-------- Dataset records
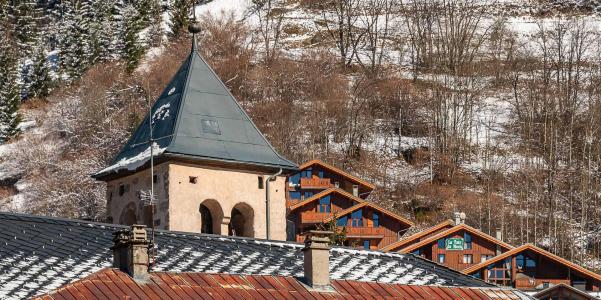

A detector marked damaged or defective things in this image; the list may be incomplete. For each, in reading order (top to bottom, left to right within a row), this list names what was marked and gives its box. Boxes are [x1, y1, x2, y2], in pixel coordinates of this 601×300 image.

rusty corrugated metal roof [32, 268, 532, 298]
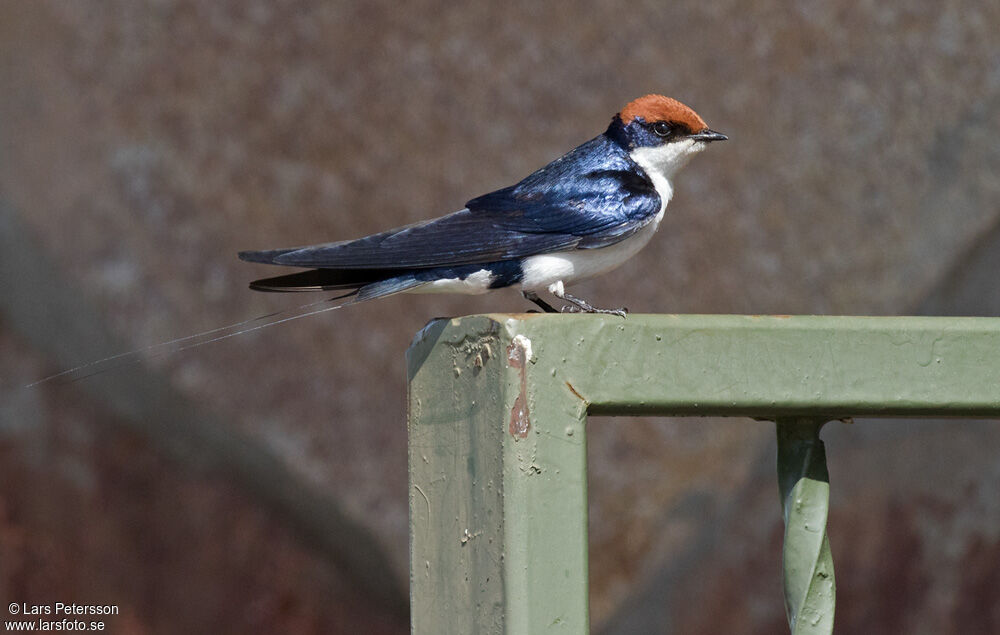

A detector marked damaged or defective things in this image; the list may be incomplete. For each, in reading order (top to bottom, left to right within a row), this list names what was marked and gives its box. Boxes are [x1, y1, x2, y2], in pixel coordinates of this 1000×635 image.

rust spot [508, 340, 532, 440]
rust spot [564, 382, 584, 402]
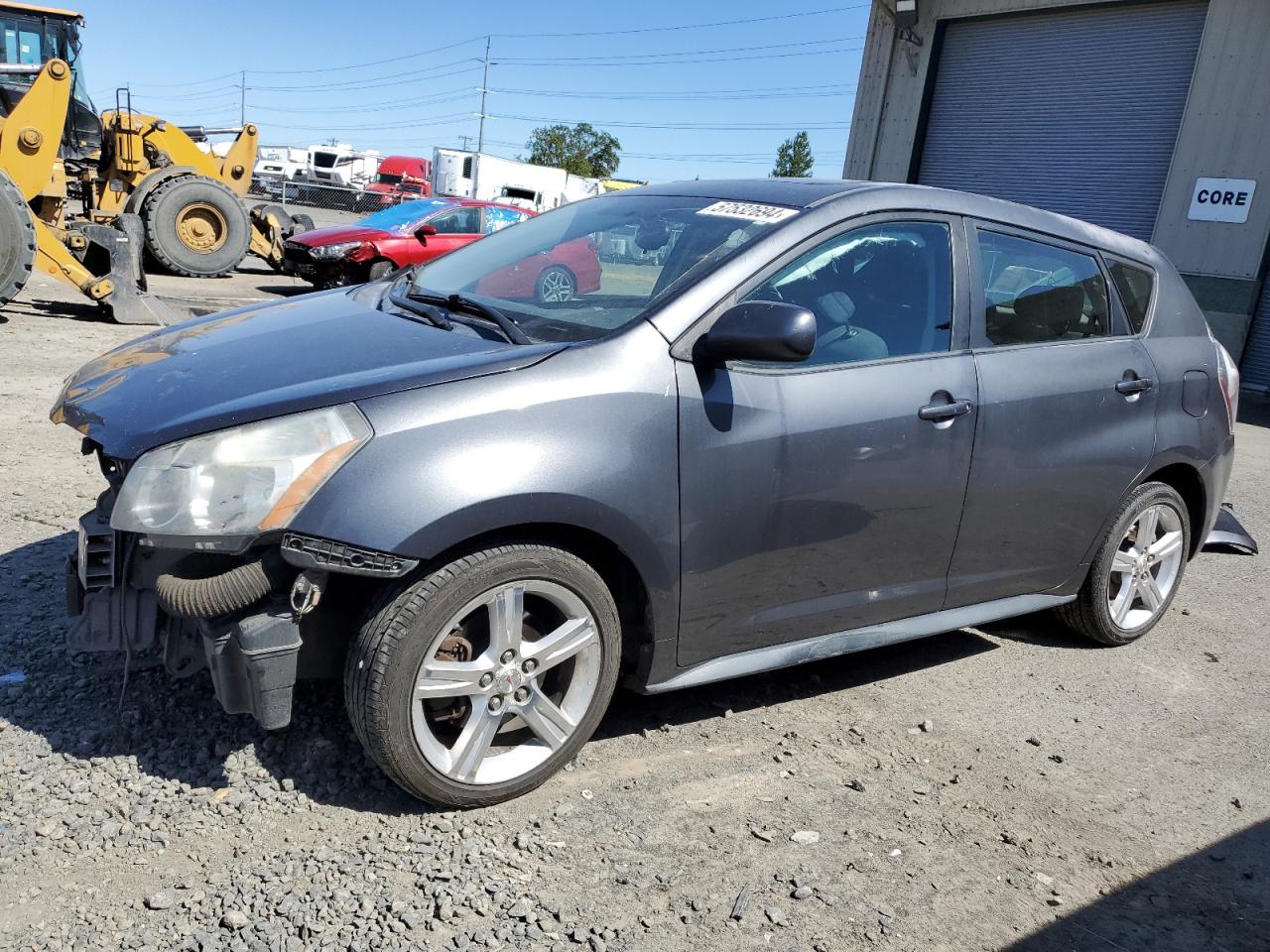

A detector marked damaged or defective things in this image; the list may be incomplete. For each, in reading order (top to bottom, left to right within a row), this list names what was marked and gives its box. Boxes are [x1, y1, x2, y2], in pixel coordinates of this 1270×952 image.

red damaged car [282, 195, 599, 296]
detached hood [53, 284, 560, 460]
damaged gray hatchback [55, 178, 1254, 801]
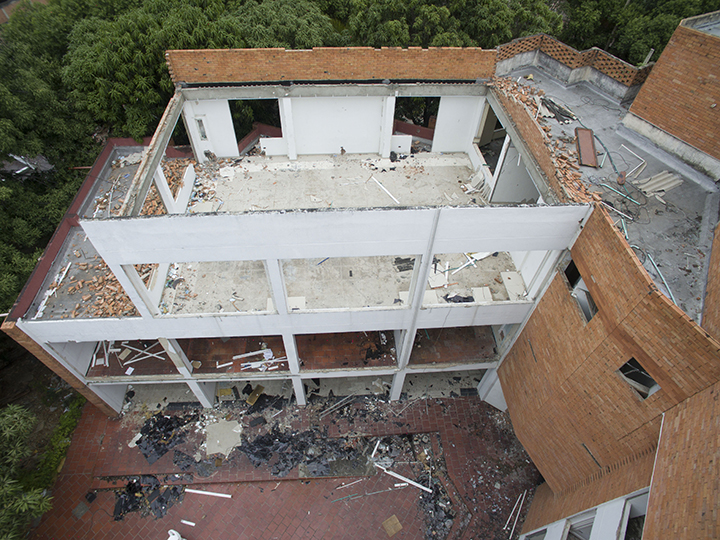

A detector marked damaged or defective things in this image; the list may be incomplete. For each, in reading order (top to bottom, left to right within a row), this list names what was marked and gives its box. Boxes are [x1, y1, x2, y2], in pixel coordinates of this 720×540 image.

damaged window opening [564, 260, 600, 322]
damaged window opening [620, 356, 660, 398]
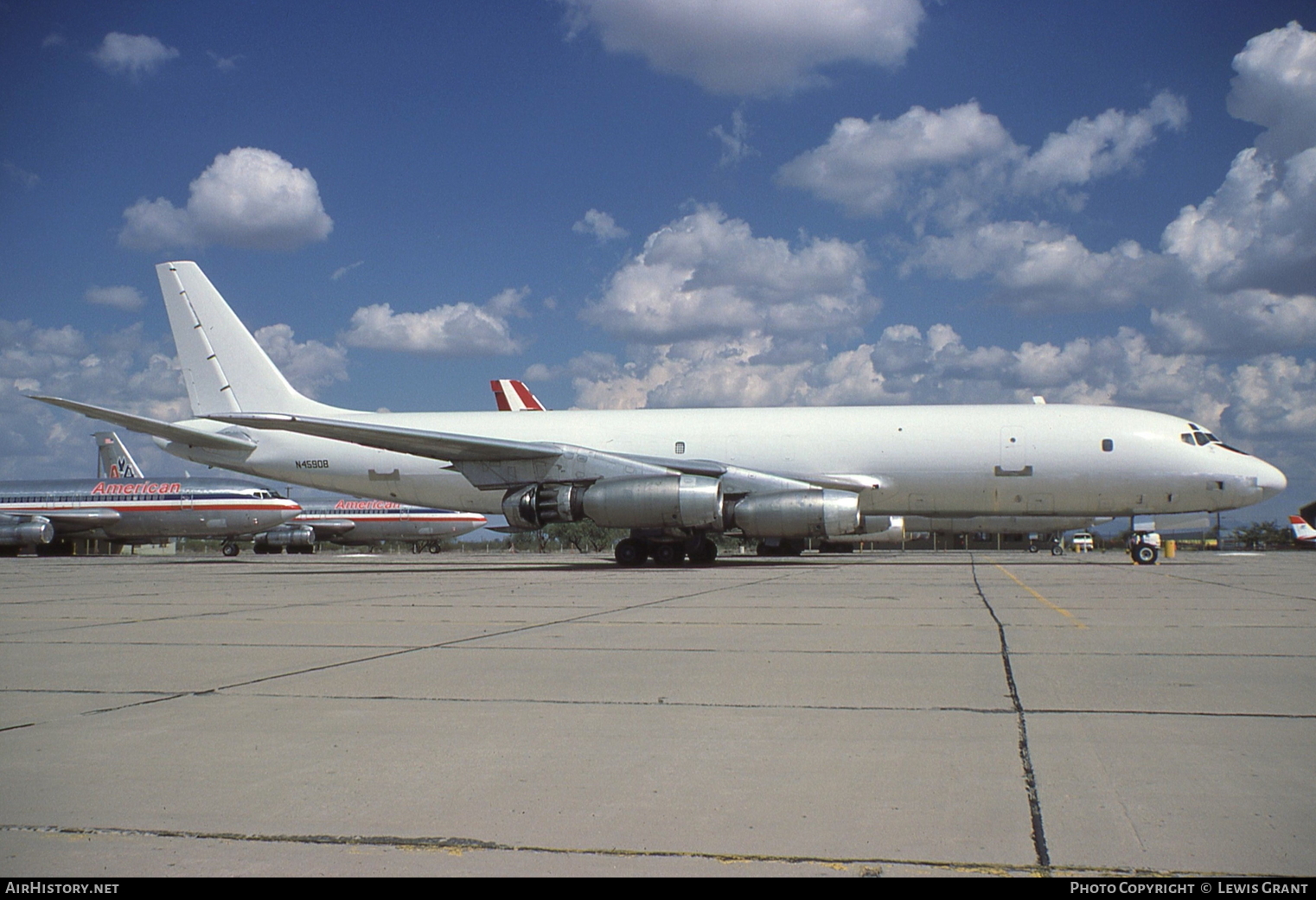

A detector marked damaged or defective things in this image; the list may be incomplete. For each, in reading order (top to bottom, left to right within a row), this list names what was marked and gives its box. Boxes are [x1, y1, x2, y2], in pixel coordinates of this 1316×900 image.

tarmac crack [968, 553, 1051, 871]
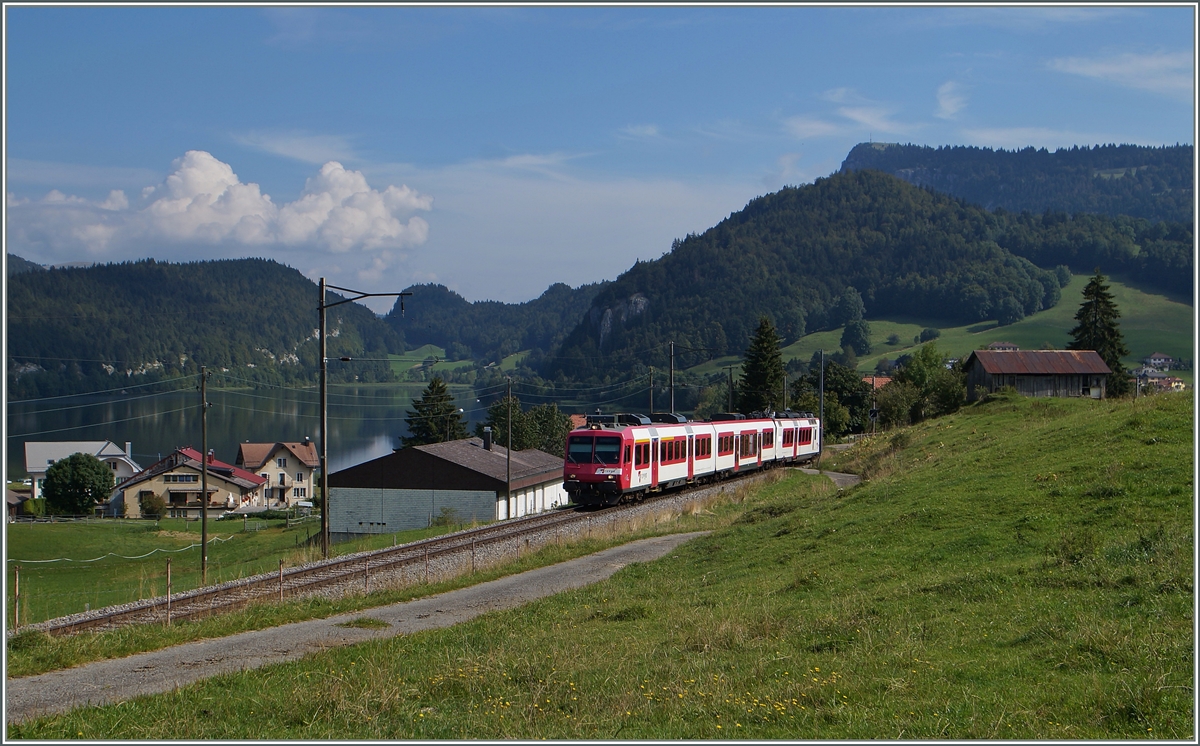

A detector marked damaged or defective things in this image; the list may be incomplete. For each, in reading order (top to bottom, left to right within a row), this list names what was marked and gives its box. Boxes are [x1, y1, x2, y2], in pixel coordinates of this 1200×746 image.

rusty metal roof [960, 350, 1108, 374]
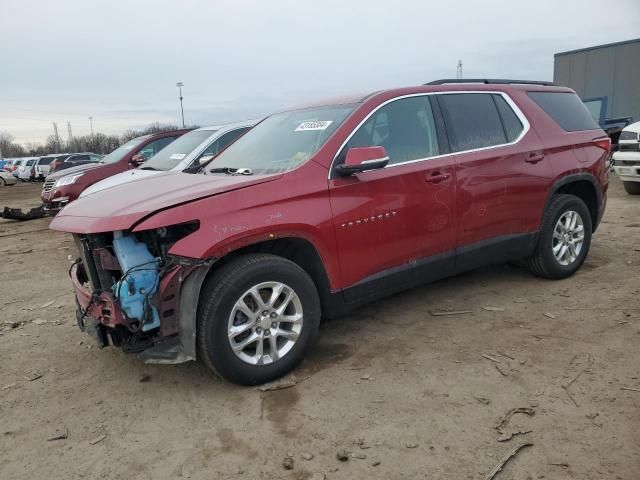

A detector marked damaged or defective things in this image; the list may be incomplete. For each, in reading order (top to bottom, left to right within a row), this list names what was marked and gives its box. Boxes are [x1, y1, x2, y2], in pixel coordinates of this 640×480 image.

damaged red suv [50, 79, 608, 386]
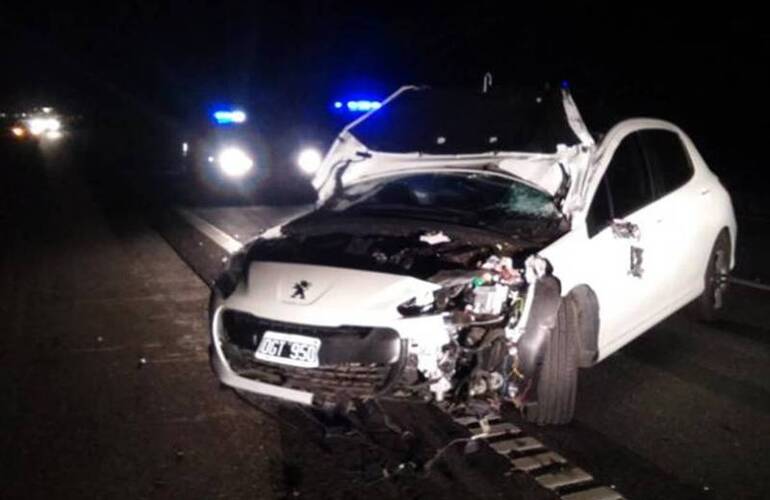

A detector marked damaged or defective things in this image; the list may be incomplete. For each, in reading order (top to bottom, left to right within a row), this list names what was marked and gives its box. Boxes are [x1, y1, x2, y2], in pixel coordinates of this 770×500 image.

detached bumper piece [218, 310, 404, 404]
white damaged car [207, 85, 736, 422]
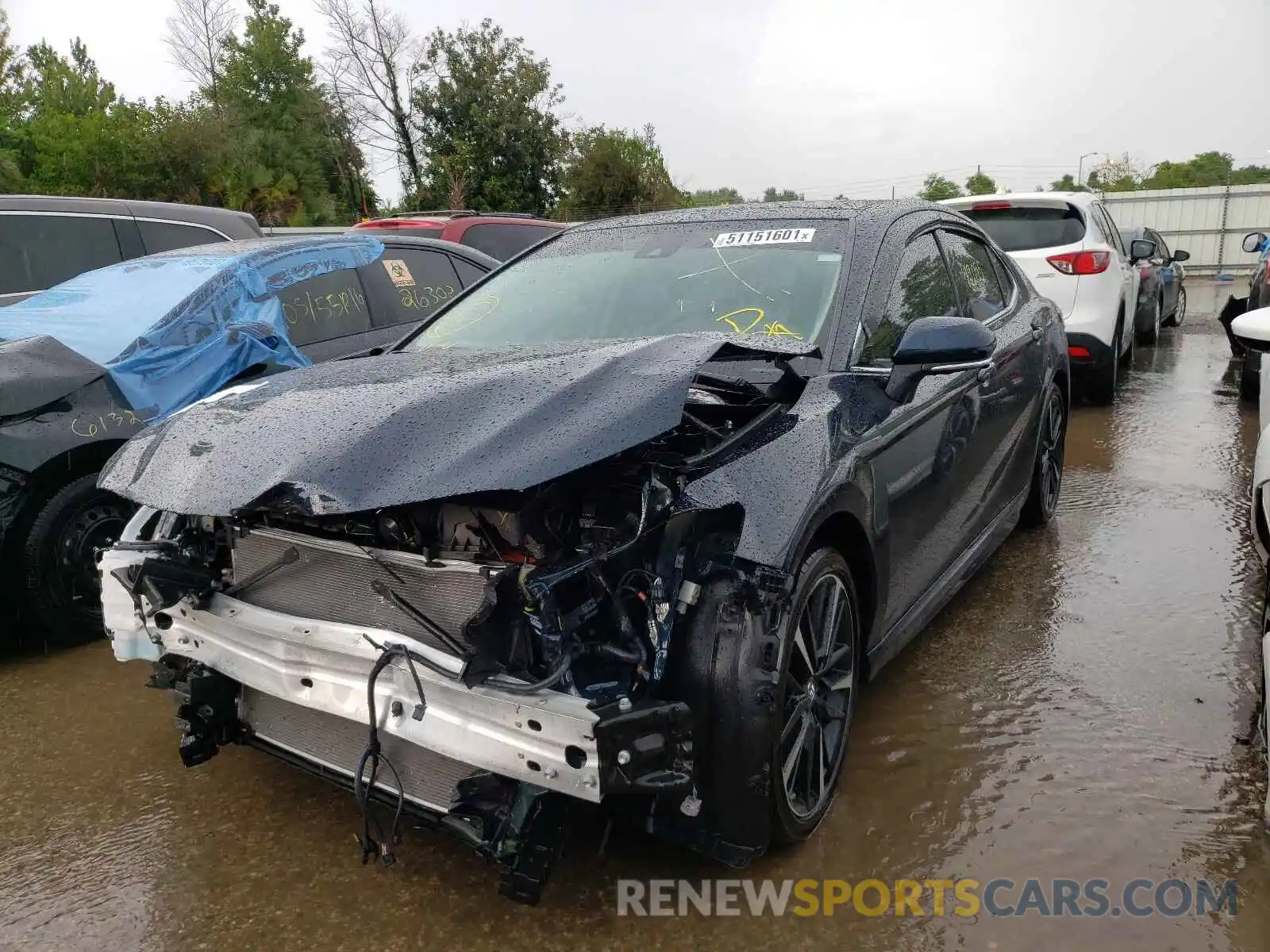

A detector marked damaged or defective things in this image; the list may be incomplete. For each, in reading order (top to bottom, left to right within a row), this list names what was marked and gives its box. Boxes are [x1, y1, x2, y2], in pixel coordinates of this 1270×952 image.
----------------
> Exercise description: Each line of the data is to be duplicated exactly; pictures stay out of the copy.

> Task result:
A detector marked damaged or defective things in this image; the list may be incomplete. For each, in reading order (top to bottom, left to right within a row), this list names what was marked and gives its box. Boxes are [x1, y1, x2, y2], in pixel coordinates of this 601×300 image.

rusty corrugated metal roof [32, 268, 532, 298]

A detector marked damaged or defective things in this image; the list may be incomplete. For each, in reading order (top to bottom, left to right within a row), this list names what was marked and gives its box. Boxes are [x1, y1, x2, y2], in pixel coordinates of this 1000×635 image.

rust spot [508, 340, 532, 440]
rust spot [564, 382, 584, 402]

A detector marked damaged or defective things in this image; the list may be incomplete. For each, in reading order (top to bottom, left to right within a row), this list names what was marked and gives its box. Boxes are [x1, y1, x2, y2], in pixel coordinates of this 1270×952 image.

red damaged car [282, 195, 599, 296]
detached hood [53, 284, 560, 460]
damaged gray hatchback [55, 178, 1254, 801]

A detector marked damaged or defective things in this image; the list may be incomplete. For each, in reading order (top to bottom, left to right within a row), this list names what was marked and gives its box. Boxes are [x1, y1, x2, y2], in pixel coordinates of this 720×540 image.

damaged window opening [564, 260, 600, 322]
damaged window opening [620, 356, 660, 398]

A detector marked damaged or defective things in this image; the list may be incomplete. For each, in reading order (top to bottom, left to right within a row), this list names what was marked and gives its box. Boxes are [x1, y1, x2, y2], in pixel coordinates of this 1316×900 image.

tarmac crack [968, 553, 1051, 871]

A detector marked damaged or defective things in this image; the list may be incomplete. For each, in reading order (top to bottom, left to right within a row), this list names what was marked and gives its box. Boxes are [x1, y1, x2, y2], in pixel coordinates of this 1200×746 image.

rusty metal roof [960, 350, 1108, 374]

A detector marked damaged or defective things in this image; the list may be incomplete. For each, in reading order (top to bottom, left to right within a row), this list names what was marked and gives its box. Boxes are [x1, y1, x2, y2], in pixel coordinates of this 640×480 image.

damaged red suv [50, 79, 608, 386]

A detector marked damaged or defective things in this image; the list may be incomplete. For each, in reading order (top to bottom, left to right within a row), this list names what was marked and gives its box. Boxes are [x1, y1, x2, y2], in pixel coordinates of this 770×500 image.

detached bumper piece [218, 310, 404, 404]
white damaged car [207, 85, 736, 422]

A detector marked damaged or defective things in this image; the list may be incomplete. For each, in reading order (top to bottom, left to right within a row), this list names what was marked and gives its box. Boxes are [x1, y1, x2, y2], in pixel coordinates of this 1270×952 image.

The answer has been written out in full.